报告题目:Checkpointing Workflows for Fail-Stop Errors
报 告 人:Yves Robert Professor
主 持 人:王长波教授
报告时间:2018年3月22日(周四)13:30
报告地点:中北校区数学馆201报告厅
报告人简介:
Yves Robert received the PhD degree from Institut National Polytechnique de Grenoble. He is currently a full professor in the Computer Science Laboratory LIP at ENS Lyon. He is the author of 7 books, 130 papers published in international journals, and 195 papers published in international conferences. He is the editor of 11 book proceedings and 13 journal special issues. He is the advisor of 26 PhD theses.

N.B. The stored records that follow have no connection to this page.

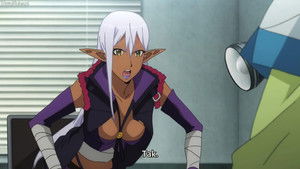 Gate: Jieitai Kanochi Nite, Kaku Tatakaeri: 1×12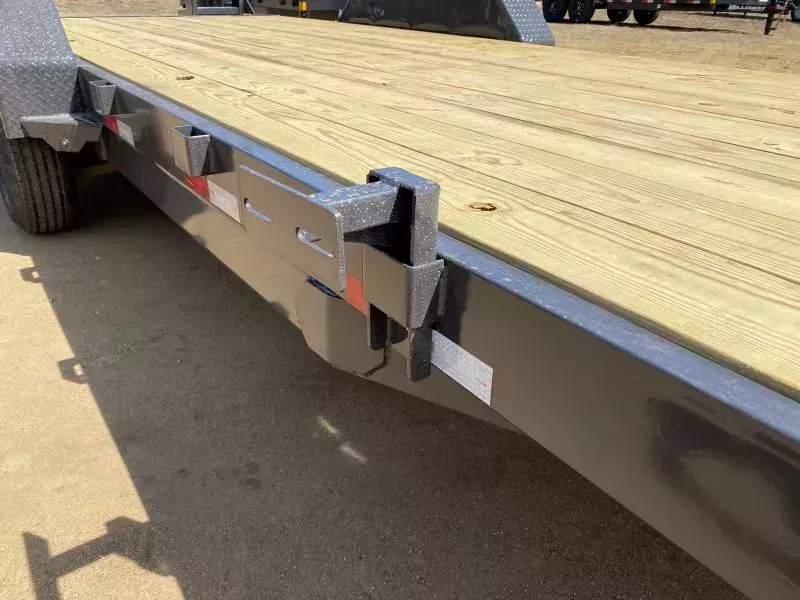 new Equipment / Flatbed Trailers Rice Trailers Other for sale, in Loudon, NH Thumbnail 14
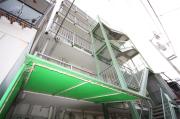 ＪＲ予讃線高松駅まで徒歩10分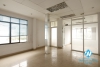 An office for rent in Thanh Cong st, Ba Dinh, Ha Noi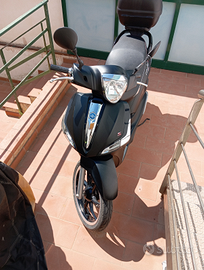 Piaggio Liberty 150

His main research interests are scheduling techniques and resilient algorithms for large-scale platforms. Yves Robert served on many editorial boards, including IEEE TPDS. He was the program chair of HiPC'2006 in Bangalore, IPDPS'2008 in Miami, ISPDC'2009 in Lisbon, ICPP'2013 in Lyon and HiPC'2013 in Bangalore. He is a Fellow of the IEEE. He has been elected a Senior Member of Institut Universitaire de France in 2007 and renewed in 2012. He has been awarded the 2014 IEEE TCSC Award for Excellence in Scalable Computing. He holds a Visiting Scientist position at the University of Tennessee Knoxville since 2011.
报告摘要:
We consider the problem of orchestrating the execution of workflow applications structured as Directed Acyclic Graphs (DAGs) on parallel computing platforms that are subject to fail-stop failures. The objective is to minimize expected overall execution time, ormakespan. A solution to this problem consists of a schedule of the Workflow tasks on the available processors and of a decision of which application data to checkpoint to stable storage, so as to mitigate the impact of processor failures.

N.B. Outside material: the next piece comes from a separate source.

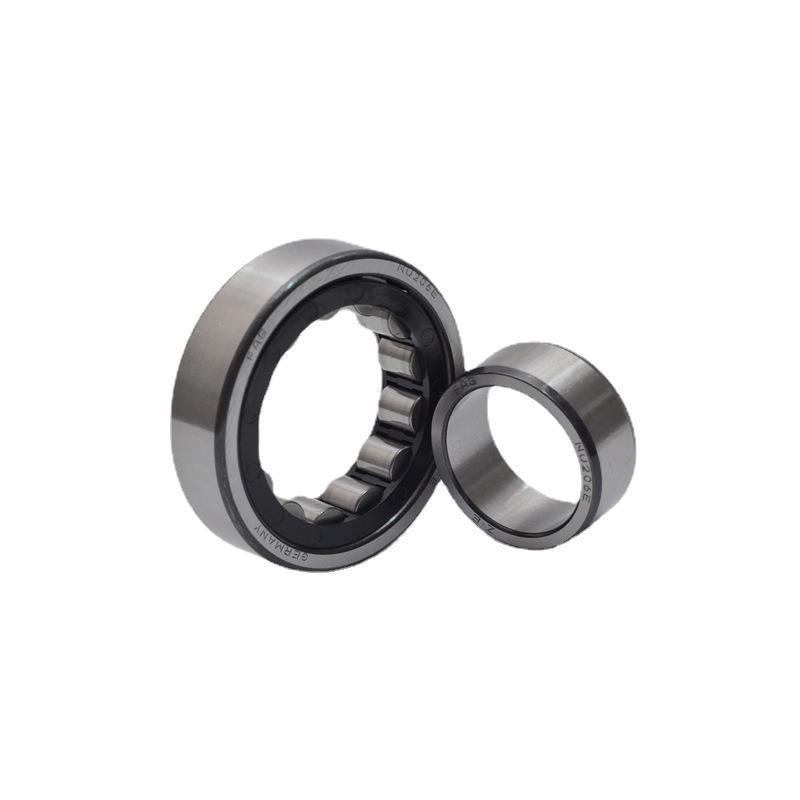 N/NJ/NUP/NU2212E圆柱滚子曲轴轴承内径45-60mm发电动轧机HRB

To address this challenge, we consider a restricted class of graphs, Minimal Series-Parallel Graphs (GSPGs), which is relevant to many real-world workflow applications. For this class of graphs, we propose a recursive list-scheduling algorithm that exploits the GSPG structure to assign sub-graphs to individual processors, and uses dynamic programming to decide how to checkpoint these sub-graphs. We assess the performance of our algorithm for production workflow configurations, comparing it to an approach in which all application data is check pointed and an approach in which no application data is check pointed. Results demonstrate that our algorithm outperforms both the former approach, because of lower checkpointing overhead, and the latter approach, because of better resilience to failures.